L’italiano ha le idee un po’ meno chiare, perché é cresciuto nel vuoto berlusconiano dell’etica pubblica, e non deve fronteggiare la polizia violenta e la galera di un regime dispotico. Ma capisce che ad essere in pericolo sono comunque i suoi diritti fondamentali, e che il governo delle Mare, Maristelle, Ruby e canotte padane non gli porterà nulla di buono.
Entrambi i giovani sanno che le cause del peggioramento delle loro vite sono dovute a forze molto grandi, che non possono essere contrastate dai miserabili personaggi che incarnano le loro massime autorità.

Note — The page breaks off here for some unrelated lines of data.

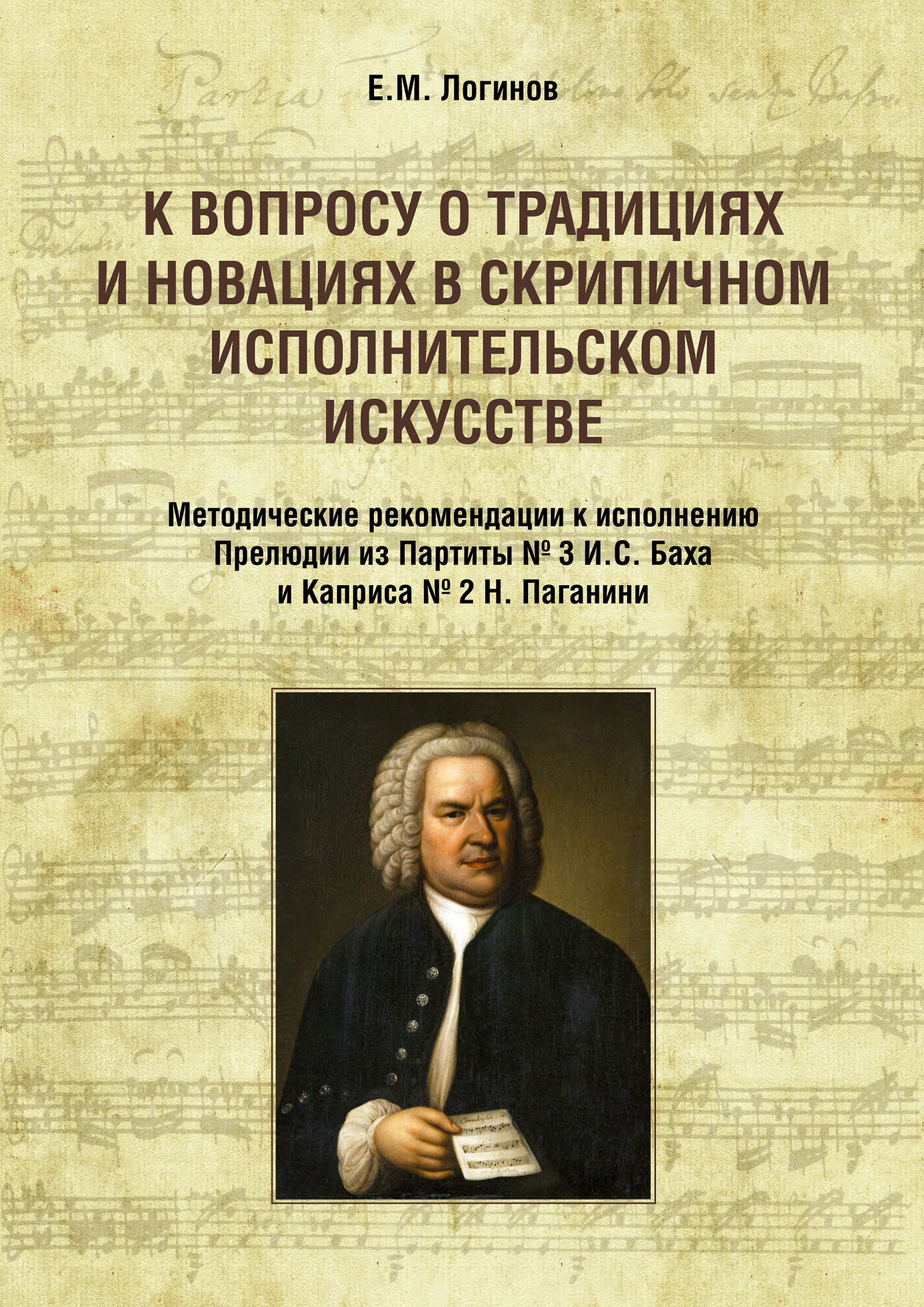 Книга Евгений Логинов К вопросу о традициях и новациях в скрипичном исполнительском искусстве. Методические рекомендации к исполнению Прелюдии из Партиты № 3 И. С. Баха и Каприса № 2 Н. Паганини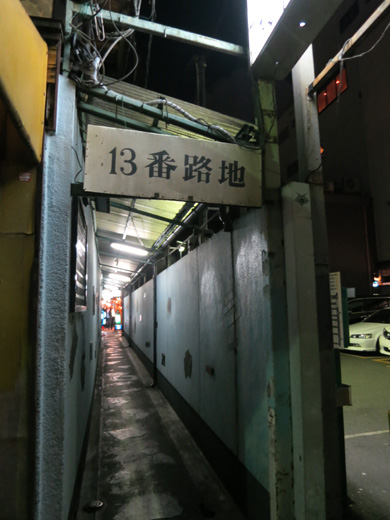 IMG_4657.JPG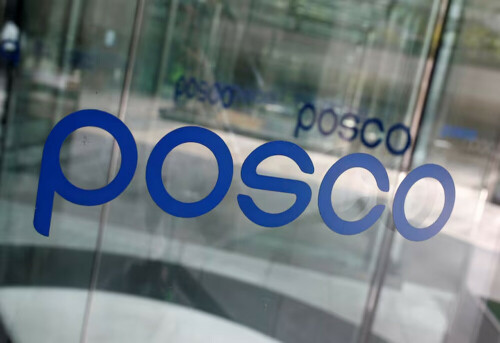 South Korea&rsquo;s POSCO seeks 6 LNG cargoes for 2025-2026 delivery, sources say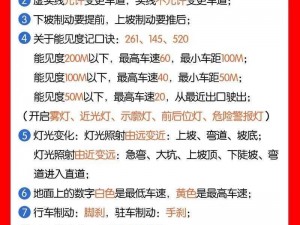 上学迟到如何应对？第4关攻略详解：掌握通关策略轻松过关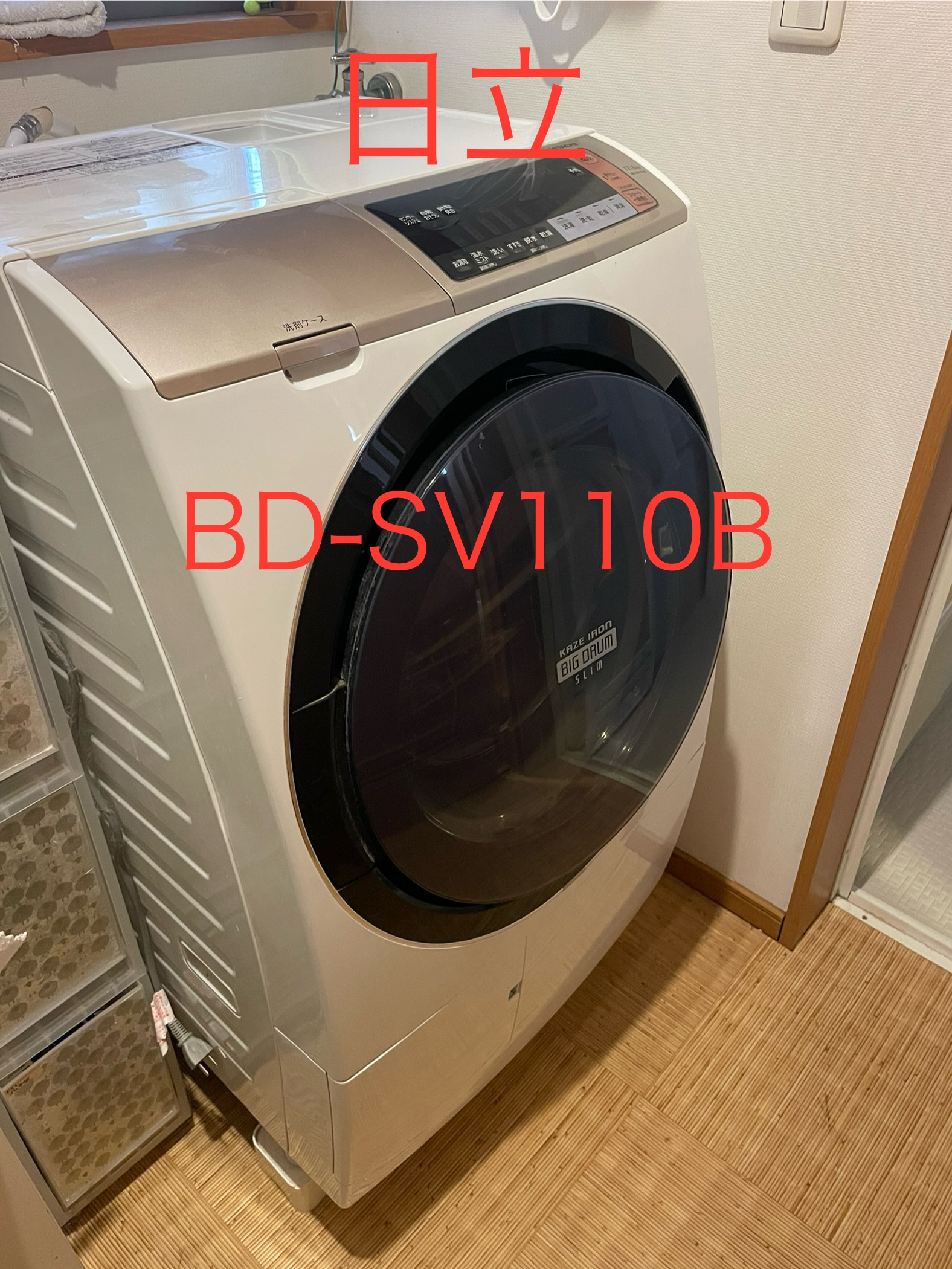 埼玉県日高市 日立ドラム洗濯機 BD-SV110B 乾燥不良分解清掃報告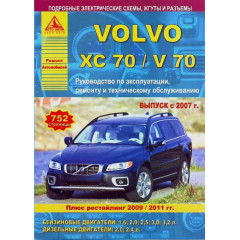 Volvo XC70 / V70. Посібник з ремонту й експлуатації. Книга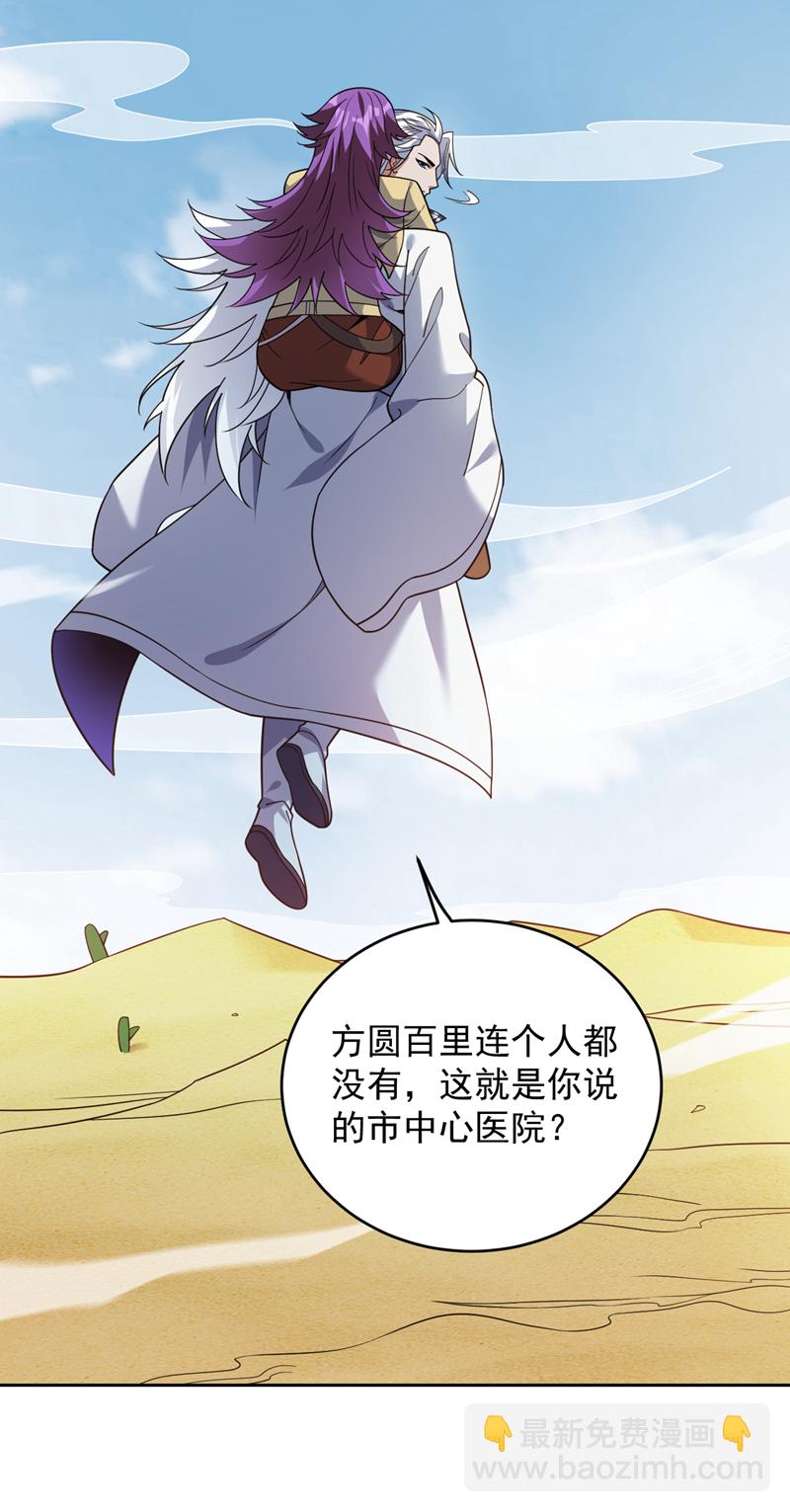 第217话 听老师的话-第218话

E altri giovani, in molte altre parti del mondo, sentono lo stesso. Sono convinti che il loro futuro dipende dalla qualità dei loro governi. La democrazia é solo il primo passo. Ci vuole anche la capacità di essere all’altezza di quanto succede. La campana non sta suonando solo per Tunisi, ma per tutti noi.Un giovane disoccupato di Milano e un giovane tunisino hanno molti punti in comune. Entrambi conoscono le cause del loro malessere. E sanno che il futuro dipende dalla qualità dei loro governi.